Sunday, October 27, 2019

Cloudsplitter 100k Race Report

It has been over two weeks since the Cloudsplitter and things are just now getting back to normal. There are still some physical pains - my right Achilles and left big toe are today's main complaints -  and my mind is still playing tricks on me, but for the most part the race is behind me and I am looking forward. I learned a lot and am eager to continue to build and eventually go further.

We got to Norton, VA early on Friday, checked into the hotel and headed to the pre-race dinner and meeting before returning to the hotel to attempt to sort out my gear and make a plan for Terri to serve as my crew. This was my first experience at a 100 mile race (I was registered for the 100k, not the 100 mile) as well as my first experience at a supported Ultra of any sort and I really didn't know what to put in drop bags  but we got it figured out and I attempted to sleep before the 8am start with me finally drifting into a deep sleep just before the alarm clock went off.

The race started in downtown Norton inside the farmer's market with all distances starting at 8am.
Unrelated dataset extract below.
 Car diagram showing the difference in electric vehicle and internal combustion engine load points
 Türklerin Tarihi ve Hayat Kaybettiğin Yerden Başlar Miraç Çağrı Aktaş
A heavy fog hung over the town and anxious energy resonated through the crowd. A musket shot signaled the start of the race and off we went. I was hoping for somewhere around a 24-hour finish and knew the key to that would be to be disciplined by walking the initial 7-mile climb and just keeping moving throughout the day and night. As we all walked and shuffled up the mountain the heavy fog remained and threatened to start spitting rain at any moment. On the way up to the first aid station at High Knob, we all fell into our own rhythms and pace and friends were made as we slowly worked our way up the mountain. The trail was very steep at times and it had me wondering what it would be like when I was finally coming back down.

The rain held off but when I got to High Knob I was pretty cold and had a really hard time refilling my water because my hands were too cold and I had to get a volunteer to help me. I had rocks in my shoes and started to try and get them out but my hands were not cooperating and I just kept moving forward instead. From High Knob, there was a long descent down to Edith Gap with the trail becoming very technical and slow at times. I led a congo line through the worst of the rocky miles and somewhere along the way it started raining lightly and I kept my mind focused on moving forward. At the Edith Gap aid they were cooking up hot breakfast burritos that were super yummy and did a great job of warming up my body and spirits.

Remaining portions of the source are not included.